A $20 Million Lucian Freud Nude Makes Its Auction Debut

The subject modeled for the portrait seven days a week for many moths.

Lucian Freud, Ria, Naked Portrait (2006-07). Courtesy Christie's.

The art market overall is in a notable reset, with auction totals down and dealers glum. But, in hopes of drumming up excitement, the major auction houses are rolling out some glitzy consignments for the fall season—a $30 million Rothko at Sotheby’s Hong Kong, beauty mogul Sydell Miller’s $200 million collection at the house’s New York salesroom, and a $50 million Van Gogh at Christie’s Hong Kong. Take your pick.

The latest work to join the list of inventory is Lucian Freud’s Ria, Naked Portrait (2006–07), to be offered at Christie’s London on October 9, during the week of the Frieze art fair. Coming to the auction block for the first time, it is estimated to fetch £10 million to £15 million ($13.3 million to $20 million). The seller is not identified.

The painting shows art handler Ria Kirby, whom the artist met at London’s Victoria & Albert Museum when he was featured in a 2006 joint exhibition there with fellow School of London artist Frank Auerbach.
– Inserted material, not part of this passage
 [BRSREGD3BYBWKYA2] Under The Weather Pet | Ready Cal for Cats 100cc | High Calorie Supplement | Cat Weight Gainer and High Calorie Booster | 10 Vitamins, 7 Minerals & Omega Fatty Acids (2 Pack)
After she approached the artist to express her appreciation for his work, she went on to model for him every night over 16 months in the final years of his life; these sessions totaled no less than 2,400 hours, said the house. And yet Ria, Naked Portrait is the only fully realized work from her sessions, which came just after she finished her day job.

“To start with, it was quite exhausting, because I had only about 10 minutes’ break between finishing work and beginning to pose,” Kirby told Martin Gayford in the Telegraph. “I went through every possible emotion in my life. At the beginning, I was very conscious of trying to be a good sitter. It took a bit of practice to feel very relaxed, but be totally still at the same time.”

That stillness, she said, belied a sometimes lively environment.

“In the first few months, the hardest part of sitting was trying to stop laughing,” she said. “There were so many tales and songs and anecdotes.”

The painting had its own room in the blockbuster 2012 exhibition “Lucian Freud Portraits” at London’s National Portrait Gallery.

“In this painting we see Freud’s mastery of oil paint and how, like Geppetto, he is able to conjure up flesh,” said Katharine Arnold, vice chairman of the department of 20th and 21st-century art and head of postwar and contemporary art, Europe, in press materials.

“Her translucent limbs and flushed skin pulsate with life and comprise one of Freud’s defining legacies to painting. ‘Paint ages like we do,’ he famously said. Here, at the age of 80, he studies the appearance of youth. It sits within the rich pedigree of art history and the reclining female nude including Giorgione, Titian, and Velázquez—the latter’s Rokeby Venus (1647–51) was one of Freud’s favorite paintings at the National Gallery.”

The artist’s auction record is $86.3 million, paid at Christie’s New York as part of the collection of Paul G. Allen in 2022. Four full-length reclining female nudes have notched above $20 million since 2008.